**Your objective:** Every line below between the line holding "A close-up image" and the line holding "May include: A", inclusive, should be repeated exactly, and all other lines omitted.

**Short descriptive text snippets:**
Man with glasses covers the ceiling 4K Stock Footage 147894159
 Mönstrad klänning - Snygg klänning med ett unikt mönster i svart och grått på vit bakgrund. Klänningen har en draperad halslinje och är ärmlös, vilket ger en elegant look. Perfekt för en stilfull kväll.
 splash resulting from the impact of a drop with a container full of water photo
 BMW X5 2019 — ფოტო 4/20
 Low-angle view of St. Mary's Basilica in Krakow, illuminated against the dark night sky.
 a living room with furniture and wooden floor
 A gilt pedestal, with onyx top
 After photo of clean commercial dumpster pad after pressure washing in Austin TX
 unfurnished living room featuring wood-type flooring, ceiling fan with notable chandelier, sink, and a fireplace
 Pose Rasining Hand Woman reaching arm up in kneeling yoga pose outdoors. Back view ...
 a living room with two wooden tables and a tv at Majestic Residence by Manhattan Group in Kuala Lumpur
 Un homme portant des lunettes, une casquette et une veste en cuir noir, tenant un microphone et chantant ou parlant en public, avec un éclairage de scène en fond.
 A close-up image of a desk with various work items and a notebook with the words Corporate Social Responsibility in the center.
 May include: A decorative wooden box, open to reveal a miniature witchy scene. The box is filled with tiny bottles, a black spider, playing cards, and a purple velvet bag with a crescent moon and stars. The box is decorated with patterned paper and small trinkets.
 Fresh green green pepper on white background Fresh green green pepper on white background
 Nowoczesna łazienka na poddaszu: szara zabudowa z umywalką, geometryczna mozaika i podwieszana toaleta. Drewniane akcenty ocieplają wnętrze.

**Exercise response:**
 A close-up image of a desk with various work items and a notebook with the words Corporate Social Responsibility in the center.
 May include: A decorative wooden box, open to reveal a miniature witchy scene. The box is filled with tiny bottles, a black spider, playing cards, and a purple velvet bag with a crescent moon and stars. The box is decorated with patterned paper and small trinkets.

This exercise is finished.